At CCDS, the undergraduate curriculum is designed as an integrated system. Foundational knowledge is sequenced deliberately, disciplinary depth is developed progressively, and flexibility is preserved through defined pathways.
· Build strong core competencies
· Develop disciplinary depth
· Broaden perspective beyond their major
· Apply knowledge through structured experiential components
Rigour and adaptability are not competing goals. They are engineered into the design.
Programme Structure
Every CCDS undergraduate programme is built on five integrated components.
University Core
· Interdisciplinary Collaborative Core (ICC) · Care, Serve, & Learn (CSL)

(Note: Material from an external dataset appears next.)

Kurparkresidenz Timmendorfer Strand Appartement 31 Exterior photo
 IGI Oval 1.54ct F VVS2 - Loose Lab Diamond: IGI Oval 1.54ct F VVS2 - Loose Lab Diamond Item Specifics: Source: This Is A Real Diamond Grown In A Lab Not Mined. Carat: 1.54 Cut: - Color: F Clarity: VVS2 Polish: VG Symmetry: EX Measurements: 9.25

Broad-based intellectual grounding common to all NTU undergraduates.
College Core — Professional Series
Common college requirements, including introductory computational thinking and professional development, with structured internship components.
Programme Core
Foundational and disciplinary courses within the major, including mathematics, programming, systems, and theoretical foundations.

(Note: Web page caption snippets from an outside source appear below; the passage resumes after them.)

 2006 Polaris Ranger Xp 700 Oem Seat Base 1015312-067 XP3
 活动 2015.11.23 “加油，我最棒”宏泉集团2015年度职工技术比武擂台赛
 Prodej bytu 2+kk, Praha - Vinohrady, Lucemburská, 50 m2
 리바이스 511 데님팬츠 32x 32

Major Prescribed Electives (MPE)
Advanced courses within the major that enables focused specialisation.
Broadening & Deepening Electives (BDE)
Electives from across the university, allowing students to extend or broaden beyond primary discipline.
This structure balances foundational rigour, disciplinary depth, and intellectual flexibility.
Curriculum Design
The undergraduate curriculum at CCDS is intentionally designed as an integrated system. All programmes share a common University and College core. Beyond this foundation, they differ in how Academic Units are distributed between Programme Core requirements, Major Prescribed Electives, and Broadening & Deepening Electives.

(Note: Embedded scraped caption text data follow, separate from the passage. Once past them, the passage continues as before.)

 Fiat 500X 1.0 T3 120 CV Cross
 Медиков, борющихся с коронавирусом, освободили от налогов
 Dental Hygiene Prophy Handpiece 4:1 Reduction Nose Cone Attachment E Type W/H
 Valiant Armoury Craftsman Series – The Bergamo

Differences arise primarily in the balance between foundational depth and elective specialisation.
Understanding this balance can help you choose the programme that best matches how you want to learn and where you want to grow.
Curriculum Design – Double Degree Programmes
Double degree programmes are structurally integrated – not stacked. Students complete the academic core of both disciplines within a coordinated framework that manages progression, intensity and integration across the full duration of study.
The structure below shows how Academic Units (AU) are distributed across five curriculum components.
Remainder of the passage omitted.